『 ふ-この独り善がり日誌 』5
薬効き
刺し子一針
霜夜かな
年を重ねるとどうしても転倒しやすい体になってしまう。転倒することは大きなケガ、事故に繋がりかねない。PD患者であれば尚更のこと。私は、大腿骨骨折で寝たきりになった義母の介護の経験から強くそう思うようになった。常日頃、「転べば骨折、転べば骨折・・・」と自分に言い聞かせる。多少は意識が向くため効果があるように思う。ところで、私達夫婦はPDの患者である。診断されたのは私のほうが夫より二年近く早かった。それなのに、夫の病状は私を追い越し介護認定、障害者手帳の配布その他、医療、介護保険の利用上の手続き等夫を取り巻く周辺の状況は、目まぐるしく、忙しく変化していった。
介護をする立場になった私は同じ難病を抱えた者同士として分かり合えるところもあるのでは?とプラスの方向に考えるようにした。ところが現実は厳しい。

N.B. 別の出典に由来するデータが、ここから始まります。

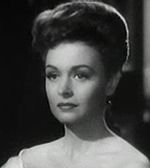 Black-and-white photo of Donna Reed from the trailer of The Picture of Dorian Gray.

夫の最も顕著なPDの症状は転倒である。すくみ足やふらつく上半身のため、何かにつかまらないと歩けない程悪い症状がある。転倒場所は大体決まっている。台所、冷蔵庫付近が多い。日に2回から3回は下らない。日常の生活音には無い大きい衝撃的な音が家中響く。転倒すると直ぐに分かる。駆け寄って声をかけると、少しバツがわるそうにして何とか起き上がろうともがいている。体重80キロ、長身の体を起こすのは大変だ。私の役割は、支えになりそうなイス等引き寄せて渡すことだ。何とか自分で起き上がる。
今までに棚に額を打ち付けて出血し、救急車で搬送されたことや台所のドア、外側の窓ガラス、食器棚のガラス破損等で修理代の出費もかさんでしまった。
また、外出した際に数回2人で転倒して交通事故に遭いそうになったり、スーパーのエスカレーターから転げ落ちそうになったりした。転んで動けない夫を見かねて車椅子を貸して下さった方や夫の体を支えて自宅まで連れて来て下さった方等、人のあたたかい気持ちに触れて前向きに考えるようにした。
最近も夫の転倒は続いている。でも一つだけ変わったことを発見した。
柔道の受け身のような技を習得したかのように上手くゆっくりと転ぶのである。私の目の前で起きたのでお互い目が合った。そして何となくおかしくなって二人で笑ってしまった。